Cette blague sur la bataille de l’antériorité – qui était là le premier ? – est révélatrice à plus d’un titre. Tout d’abord, parce qu’elle est décalée par rapport à la problématique. Puisqu’il existe deux revendications inextinguibles, il convient de trouver un moyen de donner satisfaction à chaque camp, à savoir partager le gâteau en deux parts peu importe qui l’a vu en premier. L’unique voie, on en est loin, est donc celle d’un compromis territorial : un Etat juif et un Etat palestinien qui ficherait la paix à l’Etat juif. Ensuite, ce trait d’humour n’est pas appréhendé partout de la même façon.
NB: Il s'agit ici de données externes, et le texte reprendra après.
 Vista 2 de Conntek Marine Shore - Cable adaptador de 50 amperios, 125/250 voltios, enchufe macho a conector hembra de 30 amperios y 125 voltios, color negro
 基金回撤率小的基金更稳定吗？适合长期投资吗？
Il a tendance à amuser les Juifs, beaucoup moins les pro Palestiniens qui rient jaune parce qu’il remet en cause un de leurs principaux arguments : les Juifs ont moins de droits, voire pas de droits du tout, parce qu’ils sont seconds par ordre d’arrivée. Autrement dit, les Palestiniens seraient de purs autochtones et les Juifs des colons, des envahisseurs. Eh bien non. C’est faux. Que l’antériorité ne confère aucun privilège ne doit pas empêcher de rétablir les faits. Les Juifs étaient les premiers. Ce qui peut leur être reproché est plutôt d’être … de mauvais perdants. Comme le 7 octobre où ils n’ont pas pris les choses avec le sourire.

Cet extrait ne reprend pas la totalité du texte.